Star Trek was (as it has always been) an aspirational vocabulary.  It gave me hope for a world run by and for the benefit of humans in which I, markedly “other,” could be accepted and valued nevertheless – valued for my otherness, even.  This, I think, is why I don’t find rewatching Star Trek triggering.  The Star Trek universe in general, and Deep Space Nine and Voyager in particular, are about places I could belong.  I don’t identify with Barclay but I get Barclay.

The vocabulary The X-Files gave me was more realistic.  The X-Files was, for me, a show about the dangers of being different and the impossibility of being anything else.  It was a show about my reality: about the obliviousness with which most people go through their lives until you scratch the surface of that life, and about the incredible risks that boil out when you do.

As a Facebook friend of mine recently pointed out, autism is not an invisible disability.  It shows in our movement, our behavior, our use of language in various ways.  Difference frightens the human brain, especially when it is close enough to be “just like us” but…not quite.  Freud’s word for it was “unheimlich,” or uncanny.  Star Trek made aliens just like us; The X-Files made them….not quite.

To be uncanny is dangerous.  And we know it.  This is why parents of autistic kids spend tens of thousands on therapies whose only goal is to make the kid appear less uncanny.  Those parents are terrified.  That terror is a survival mechanism.  It arises pre-conscious thought, and so its presence, itself, is not cause for judgment.  It’s what people do once that terror becomes conscious that is a cause for judgment.

Star Trek presumed that humans would “grow out” of that pre-conscious terror of the uncanny, essentially rendering it canny.  The X-Files disagrees.  It does not have a particularly optimistic view of how people will react when faced with the uncanny – or, indeed, how they will react when faced with the idea of the uncanny.  Sure, there are moments, like “Clyde Bruckman’s Final Repose” or Season 10’s “Mulder and Scully Meet the Were-Monster,” that can be remarkably accepting.  But this is largely a show about danger.

It’s also a show about the importance of being right – even when you are wrong.

The X-Files was my anti-ABA.  It taught me that one could get away with being weird or crazy or spooky, as long as one was, at least, not wrong for being so.  It taught me that “weird and crazy and spooky” and “wrong” are not synonyms – that there is a way to be right even while being uncanny.  It taught me that pursuing that sense of being right, even when it made me uncanny as hell, was good.  And it taught me that it was okay to believe that I was maybe not wrong even when the whole world was telling me I was.

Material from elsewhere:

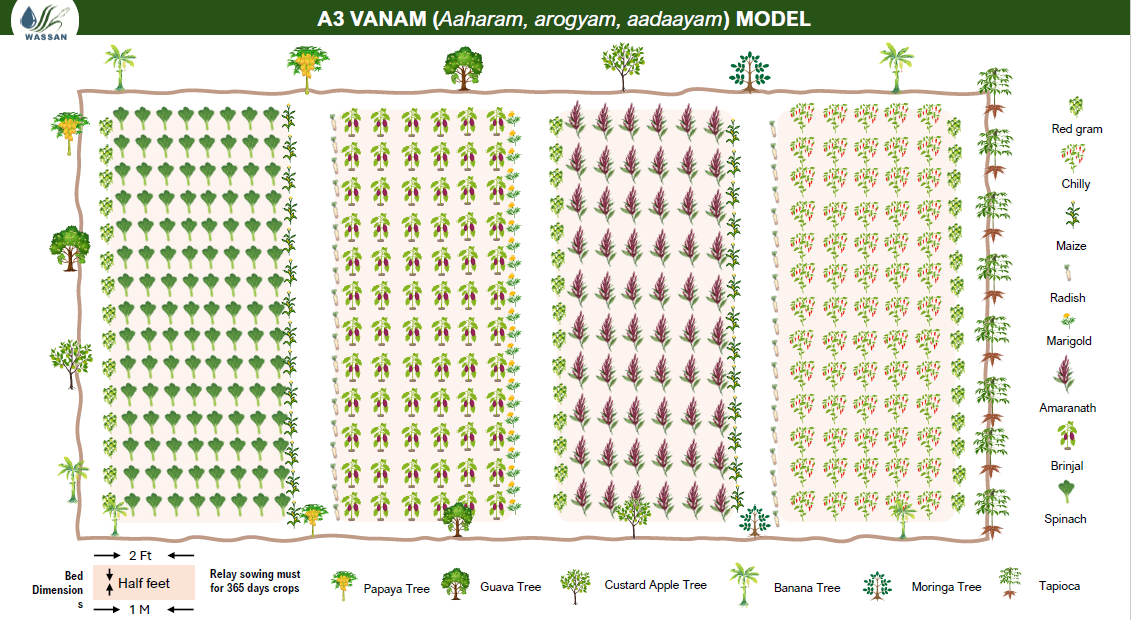 A3 Vanam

That was my fascination with The X-Files, and with Mulder in particular.  I could sound completely crazy but maybe I was not wrong.  

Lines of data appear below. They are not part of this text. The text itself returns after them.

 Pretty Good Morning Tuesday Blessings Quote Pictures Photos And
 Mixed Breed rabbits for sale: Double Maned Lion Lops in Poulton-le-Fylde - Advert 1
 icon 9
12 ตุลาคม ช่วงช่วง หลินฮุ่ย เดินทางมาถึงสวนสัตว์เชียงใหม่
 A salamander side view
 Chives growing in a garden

It took over twenty years and four new episodes for that message to sink in.  Like Mulder, I wanted to believe.  But it was not the same thing as believing.

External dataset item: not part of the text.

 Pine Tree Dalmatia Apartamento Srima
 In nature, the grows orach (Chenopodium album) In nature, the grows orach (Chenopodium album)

And maybe there would be someone – someone who wasn’t uncanny, who spoke the language that in my wrongness I didn’t speak, someone ordinarily human – who would back me up on this.

*(and still gives me shit about it, as if it were nothing but a garden-variety crush which of course had to have been on David Duchovny and could not possibly have been on Gillian Anderson – but I digress)

**By which I mean “they let me commandeer the VCR to tape episodes and rewatch them until the tapes wore out, and also bought me the show guides, several of the novels, and both “Songs in the Key of X” and the Mark Snow soundtrack,” and also “they did not actively try to stop me being interested.”  They would have said “Oh, The X-Files is her favorite TV show,” as if “favorite” could begin to adequately encompass what that show did for me.

***Turns out I was right: “childhood schizophrenia” was the diagnosis given to a great many people in the mid-twentieth century who actually had – you guessed it – autism.